In her office at It’s a Girl Productions, she and her story editor, Denise (Debra Eisenstadt), vainly try to persuade Heidi to help them create a sitcom about “a way-out painter, an uptight curator and a dilettante heiress.”

The tactless young Denise tells Heidi, “A lot of women your age are very unhappy, unfulfilled, frightened of growing old alone.”

Speaking for her generation, Heidi says, “I don’t think we made such big mistakes. And I don’t want to see three (sitcom) girls on the town who do.”

Nevertheless, a certain sadness suffuses Heidi as she matures.

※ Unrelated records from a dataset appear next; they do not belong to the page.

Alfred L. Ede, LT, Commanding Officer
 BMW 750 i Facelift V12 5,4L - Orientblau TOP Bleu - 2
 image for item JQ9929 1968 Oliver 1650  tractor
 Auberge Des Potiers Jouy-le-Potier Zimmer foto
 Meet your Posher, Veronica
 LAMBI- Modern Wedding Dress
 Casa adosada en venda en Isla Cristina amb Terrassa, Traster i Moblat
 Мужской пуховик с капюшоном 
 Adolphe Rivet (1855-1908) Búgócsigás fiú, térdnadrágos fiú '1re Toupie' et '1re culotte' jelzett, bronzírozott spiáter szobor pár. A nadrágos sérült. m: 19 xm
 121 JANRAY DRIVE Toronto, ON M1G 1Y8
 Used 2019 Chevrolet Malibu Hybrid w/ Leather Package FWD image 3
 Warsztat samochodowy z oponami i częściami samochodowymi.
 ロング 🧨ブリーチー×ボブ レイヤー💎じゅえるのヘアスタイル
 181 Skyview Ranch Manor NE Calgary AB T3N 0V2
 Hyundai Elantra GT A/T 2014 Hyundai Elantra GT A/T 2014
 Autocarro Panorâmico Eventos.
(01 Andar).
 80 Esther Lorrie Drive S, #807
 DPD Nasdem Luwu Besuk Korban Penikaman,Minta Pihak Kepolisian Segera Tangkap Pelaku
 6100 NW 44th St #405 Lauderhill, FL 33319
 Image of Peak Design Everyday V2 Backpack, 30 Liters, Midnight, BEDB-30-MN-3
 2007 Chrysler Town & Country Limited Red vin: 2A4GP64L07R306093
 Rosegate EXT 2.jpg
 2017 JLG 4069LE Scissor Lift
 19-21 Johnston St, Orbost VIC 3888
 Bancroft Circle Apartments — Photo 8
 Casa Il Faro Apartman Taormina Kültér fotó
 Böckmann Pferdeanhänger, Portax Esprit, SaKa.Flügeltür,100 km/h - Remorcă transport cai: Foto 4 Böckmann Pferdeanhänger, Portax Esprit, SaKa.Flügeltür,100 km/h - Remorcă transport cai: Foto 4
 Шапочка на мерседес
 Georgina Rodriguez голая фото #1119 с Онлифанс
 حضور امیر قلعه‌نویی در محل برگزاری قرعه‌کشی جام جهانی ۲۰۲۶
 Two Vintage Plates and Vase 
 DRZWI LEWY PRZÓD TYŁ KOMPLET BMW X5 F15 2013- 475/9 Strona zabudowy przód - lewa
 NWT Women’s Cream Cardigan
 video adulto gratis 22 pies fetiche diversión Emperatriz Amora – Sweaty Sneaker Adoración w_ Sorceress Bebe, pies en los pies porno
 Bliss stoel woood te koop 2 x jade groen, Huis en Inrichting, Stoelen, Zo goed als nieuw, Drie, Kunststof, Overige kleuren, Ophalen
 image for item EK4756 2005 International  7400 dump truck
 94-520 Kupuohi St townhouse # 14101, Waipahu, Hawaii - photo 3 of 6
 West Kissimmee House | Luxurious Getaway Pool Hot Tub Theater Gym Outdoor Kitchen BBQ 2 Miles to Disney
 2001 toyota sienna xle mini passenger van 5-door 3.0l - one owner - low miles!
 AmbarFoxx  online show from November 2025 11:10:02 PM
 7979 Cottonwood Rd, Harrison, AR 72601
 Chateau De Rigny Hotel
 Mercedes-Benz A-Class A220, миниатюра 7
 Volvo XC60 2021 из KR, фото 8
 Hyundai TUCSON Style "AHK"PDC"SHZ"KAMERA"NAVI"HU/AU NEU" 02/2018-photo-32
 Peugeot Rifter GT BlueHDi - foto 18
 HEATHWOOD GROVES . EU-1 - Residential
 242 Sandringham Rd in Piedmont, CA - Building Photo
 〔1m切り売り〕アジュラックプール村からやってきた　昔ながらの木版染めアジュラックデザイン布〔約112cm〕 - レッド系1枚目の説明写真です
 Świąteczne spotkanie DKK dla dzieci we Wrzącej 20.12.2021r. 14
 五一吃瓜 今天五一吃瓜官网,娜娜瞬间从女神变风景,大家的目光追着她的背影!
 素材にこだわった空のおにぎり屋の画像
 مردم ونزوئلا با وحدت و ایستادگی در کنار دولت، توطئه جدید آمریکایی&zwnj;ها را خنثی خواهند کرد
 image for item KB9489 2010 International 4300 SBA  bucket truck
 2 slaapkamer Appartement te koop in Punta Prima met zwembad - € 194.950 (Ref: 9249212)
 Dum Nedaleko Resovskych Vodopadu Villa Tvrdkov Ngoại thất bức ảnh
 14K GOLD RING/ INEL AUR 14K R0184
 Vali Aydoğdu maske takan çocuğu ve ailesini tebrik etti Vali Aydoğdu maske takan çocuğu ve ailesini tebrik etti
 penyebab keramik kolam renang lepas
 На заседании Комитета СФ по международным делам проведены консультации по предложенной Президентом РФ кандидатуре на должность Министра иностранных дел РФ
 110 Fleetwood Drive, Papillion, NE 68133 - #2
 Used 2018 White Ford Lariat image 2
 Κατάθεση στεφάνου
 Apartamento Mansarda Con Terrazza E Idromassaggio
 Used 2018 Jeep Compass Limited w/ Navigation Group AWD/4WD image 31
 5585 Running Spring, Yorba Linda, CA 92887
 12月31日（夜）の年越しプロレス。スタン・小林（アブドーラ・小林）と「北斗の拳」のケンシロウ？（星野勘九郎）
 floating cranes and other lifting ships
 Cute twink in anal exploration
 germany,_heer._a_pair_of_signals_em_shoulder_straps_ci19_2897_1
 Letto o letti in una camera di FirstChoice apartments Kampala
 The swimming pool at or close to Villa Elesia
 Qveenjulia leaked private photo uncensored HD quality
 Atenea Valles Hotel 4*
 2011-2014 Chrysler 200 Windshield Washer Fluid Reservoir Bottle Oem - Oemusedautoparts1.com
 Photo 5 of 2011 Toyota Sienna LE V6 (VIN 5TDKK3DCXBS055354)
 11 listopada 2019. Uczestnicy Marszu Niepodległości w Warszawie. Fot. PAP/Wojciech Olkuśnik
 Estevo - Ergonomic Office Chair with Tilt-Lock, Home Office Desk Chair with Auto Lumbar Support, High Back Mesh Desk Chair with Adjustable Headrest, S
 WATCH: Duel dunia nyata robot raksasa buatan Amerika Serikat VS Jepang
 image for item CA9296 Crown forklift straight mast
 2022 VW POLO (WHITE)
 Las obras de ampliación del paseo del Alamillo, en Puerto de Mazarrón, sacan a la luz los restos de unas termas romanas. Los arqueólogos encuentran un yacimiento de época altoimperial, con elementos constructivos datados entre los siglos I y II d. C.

Unfortunately, the one weak scene in “The Heidi Chronicles” comes in 1986 when she attempts to explain her predicament in a speech to other former students at her high school. Practically the only clear sentence in this muddled oration is her saying, “I’m just not happy, and I’m afraid I haven’t been happy for some time.”

But perhaps it is asking too much for Wasserstein to explain every problem Heidi encounters. The feminist movement itself seems to be in something of a muddle lately, uncertain of what lines of march to follow through the waning years of this century.

If the movement’s thought leaders are themselves in quandary, has anyone the right to demand that a playwright make everything clear? Nobody ever asked Shakespeare to cure all the ills of Elizabethan society.